Short web captions:
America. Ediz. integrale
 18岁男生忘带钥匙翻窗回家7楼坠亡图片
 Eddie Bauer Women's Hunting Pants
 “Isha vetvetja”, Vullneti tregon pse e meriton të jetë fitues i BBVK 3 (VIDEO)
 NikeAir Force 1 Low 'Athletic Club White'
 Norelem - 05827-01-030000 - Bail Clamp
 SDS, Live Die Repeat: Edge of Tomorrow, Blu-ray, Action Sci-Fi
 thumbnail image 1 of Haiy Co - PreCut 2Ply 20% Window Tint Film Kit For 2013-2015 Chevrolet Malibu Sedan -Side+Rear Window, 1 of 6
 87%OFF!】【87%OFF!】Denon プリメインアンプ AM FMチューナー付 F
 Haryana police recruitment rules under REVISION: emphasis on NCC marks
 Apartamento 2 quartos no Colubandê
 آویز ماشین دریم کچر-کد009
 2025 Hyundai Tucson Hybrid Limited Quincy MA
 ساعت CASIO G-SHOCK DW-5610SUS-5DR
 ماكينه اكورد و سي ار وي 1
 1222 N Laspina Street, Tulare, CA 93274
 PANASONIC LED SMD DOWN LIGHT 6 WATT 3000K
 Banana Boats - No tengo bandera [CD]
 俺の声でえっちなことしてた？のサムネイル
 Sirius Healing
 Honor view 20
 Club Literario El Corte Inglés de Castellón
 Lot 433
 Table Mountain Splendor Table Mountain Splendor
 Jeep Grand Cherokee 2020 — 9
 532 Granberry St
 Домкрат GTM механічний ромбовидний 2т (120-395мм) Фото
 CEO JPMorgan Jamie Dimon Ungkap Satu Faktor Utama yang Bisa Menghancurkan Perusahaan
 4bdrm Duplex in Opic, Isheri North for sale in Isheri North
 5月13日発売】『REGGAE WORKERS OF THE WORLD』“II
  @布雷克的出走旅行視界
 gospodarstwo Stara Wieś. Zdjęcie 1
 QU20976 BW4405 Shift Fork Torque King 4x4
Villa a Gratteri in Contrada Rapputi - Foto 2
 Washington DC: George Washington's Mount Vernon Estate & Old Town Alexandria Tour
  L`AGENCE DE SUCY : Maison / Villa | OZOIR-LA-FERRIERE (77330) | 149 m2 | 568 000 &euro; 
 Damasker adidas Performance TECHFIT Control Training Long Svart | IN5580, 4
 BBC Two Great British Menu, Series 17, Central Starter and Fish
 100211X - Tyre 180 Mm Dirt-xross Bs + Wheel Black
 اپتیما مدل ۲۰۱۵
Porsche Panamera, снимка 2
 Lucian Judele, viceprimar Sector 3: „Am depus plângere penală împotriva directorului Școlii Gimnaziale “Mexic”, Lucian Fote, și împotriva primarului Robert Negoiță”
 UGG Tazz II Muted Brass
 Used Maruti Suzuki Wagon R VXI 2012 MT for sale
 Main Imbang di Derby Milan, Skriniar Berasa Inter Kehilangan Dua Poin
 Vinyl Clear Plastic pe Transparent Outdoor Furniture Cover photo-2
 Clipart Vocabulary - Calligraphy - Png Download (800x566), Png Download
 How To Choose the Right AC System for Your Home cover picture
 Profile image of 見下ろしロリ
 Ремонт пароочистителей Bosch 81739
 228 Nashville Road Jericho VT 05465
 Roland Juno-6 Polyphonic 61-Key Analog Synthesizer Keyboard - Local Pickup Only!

-- Work request --
The data must be duplicated exactly, with nothing left out.

-- Result --
America. Ediz. integrale
 18岁男生忘带钥匙翻窗回家7楼坠亡图片
 Eddie Bauer Women's Hunting Pants
 “Isha vetvetja”, Vullneti tregon pse e meriton të jetë fitues i BBVK 3 (VIDEO)
 NikeAir Force 1 Low 'Athletic Club White'
 Norelem - 05827-01-030000 - Bail Clamp
 SDS, Live Die Repeat: Edge of Tomorrow, Blu-ray, Action Sci-Fi
 thumbnail image 1 of Haiy Co - PreCut 2Ply 20% Window Tint Film Kit For 2013-2015 Chevrolet Malibu Sedan -Side+Rear Window, 1 of 6
 87%OFF!】【87%OFF!】Denon プリメインアンプ AM FMチューナー付 F
 Haryana police recruitment rules under REVISION: emphasis on NCC marks
 Apartamento 2 quartos no Colubandê
 آویز ماشین دریم کچر-کد009
 2025 Hyundai Tucson Hybrid Limited Quincy MA
 ساعت CASIO G-SHOCK DW-5610SUS-5DR
 ماكينه اكورد و سي ار وي 1
 1222 N Laspina Street, Tulare, CA 93274
 PANASONIC LED SMD DOWN LIGHT 6 WATT 3000K
 Banana Boats - No tengo bandera [CD]
 俺の声でえっちなことしてた？のサムネイル
 Sirius Healing
 Honor view 20
 Club Literario El Corte Inglés de Castellón
 Lot 433
 Table Mountain Splendor Table Mountain Splendor
 Jeep Grand Cherokee 2020 — 9
 532 Granberry St
 Домкрат GTM механічний ромбовидний 2т (120-395мм) Фото
 CEO JPMorgan Jamie Dimon Ungkap Satu Faktor Utama yang Bisa Menghancurkan Perusahaan
 4bdrm Duplex in Opic, Isheri North for sale in Isheri North
 5月13日発売】『REGGAE WORKERS OF THE WORLD』“II
  @布雷克的出走旅行視界
 gospodarstwo Stara Wieś. Zdjęcie 1
 QU20976 BW4405 Shift Fork Torque King 4x4
Villa a Gratteri in Contrada Rapputi - Foto 2
 Washington DC: George Washington's Mount Vernon Estate & Old Town Alexandria Tour
  L`AGENCE DE SUCY : Maison / Villa | OZOIR-LA-FERRIERE (77330) | 149 m2 | 568 000 &euro; 
 Damasker adidas Performance TECHFIT Control Training Long Svart | IN5580, 4
 BBC Two Great British Menu, Series 17, Central Starter and Fish
 100211X - Tyre 180 Mm Dirt-xross Bs + Wheel Black
 اپتیما مدل ۲۰۱۵
Porsche Panamera, снимка 2
 Lucian Judele, viceprimar Sector 3: „Am depus plângere penală împotriva directorului Școlii Gimnaziale “Mexic”, Lucian Fote, și împotriva primarului Robert Negoiță”
 UGG Tazz II Muted Brass
 Used Maruti Suzuki Wagon R VXI 2012 MT for sale
 Main Imbang di Derby Milan, Skriniar Berasa Inter Kehilangan Dua Poin
 Vinyl Clear Plastic pe Transparent Outdoor Furniture Cover photo-2
 Clipart Vocabulary - Calligraphy - Png Download (800x566), Png Download
 How To Choose the Right AC System for Your Home cover picture
 Profile image of 見下ろしロリ
 Ремонт пароочистителей Bosch 81739
 228 Nashville Road Jericho VT 05465
 Roland Juno-6 Polyphonic 61-Key Analog Synthesizer Keyboard - Local Pickup Only!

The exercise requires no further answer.